If the serialization is not well-formed for XML, then a DOMException with $code DOM_SYNTAX_ERR will be thrown, as defined by the spec.

Parsing documents (or fragments) can cause hard/soft errors. The soft errors are reported via warnings, or if the internal error handling mechanism is used then the errors are stored inside an array. Unless LIBXML_NOERROR is provided, in which case those soft errors are silenced. Note that we don't have a way to provide a parsing option to the innerHTML property, and so we cannot provide a way to silence the errors cleanly. I asked about this on the mailing list (https://externals.io/message/123224) but got no response. This probably means that people are uncertain or don't care, and so I choose to not implement the error reporting because it's easier to omit something and add it later than it is to remove something later.

New properties for Document

I propose the additional of several new properties to the Document class to make developing a bit easier:

namespace Dom {
  class HTMLElement extends Element {
    /* There's an opportunity to add useful HTML-spec properties here for the future. */
  }
 
  class Document /* ... */ {
    public ?HTMLElement $body;
    /** @readonly */
    public ?HTMLElement $head;
    public string $title;
  }
}

These additions are described in the HTML addendum for the DOM specification in https://html.spec.whatwg.org/#document.

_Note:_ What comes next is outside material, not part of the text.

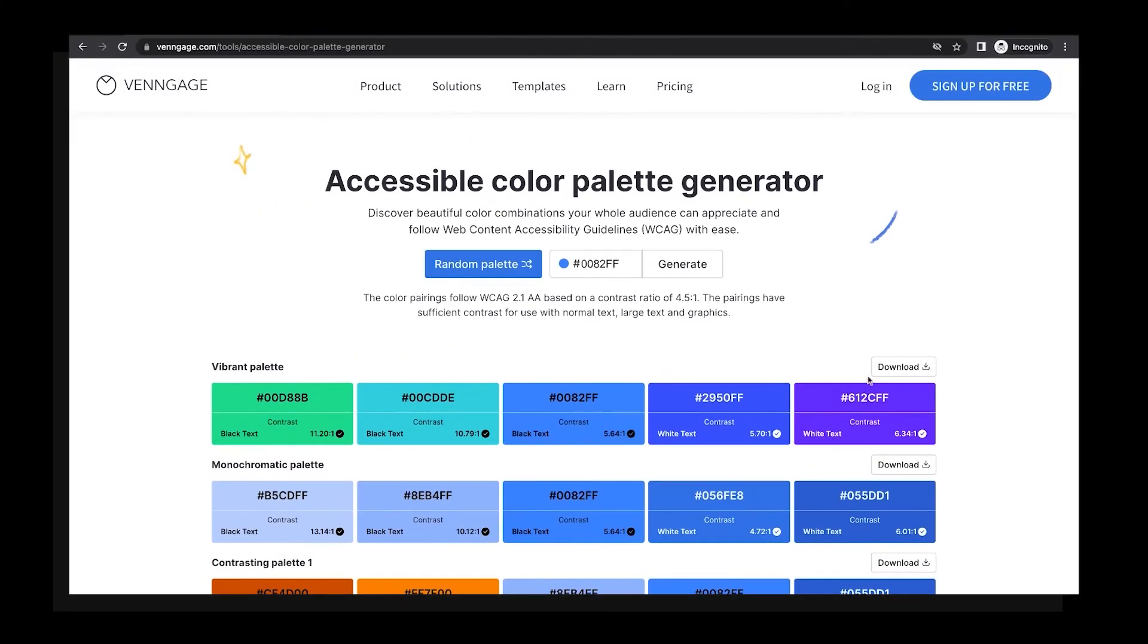This accessible color palette generator is truly simple and completely free. You can use it whenever you like. Tell your friends.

The properties should be relatively self-explanatory. $body refers to the body element (if there is one), $head to the head element (if there is one), and $title to the text inside the title element (which in turn is inside the head element). You can read about all the details using the link above, because it's a bit more complicated when SVG is involved for example, but you should be familiar with these properties from Javascript.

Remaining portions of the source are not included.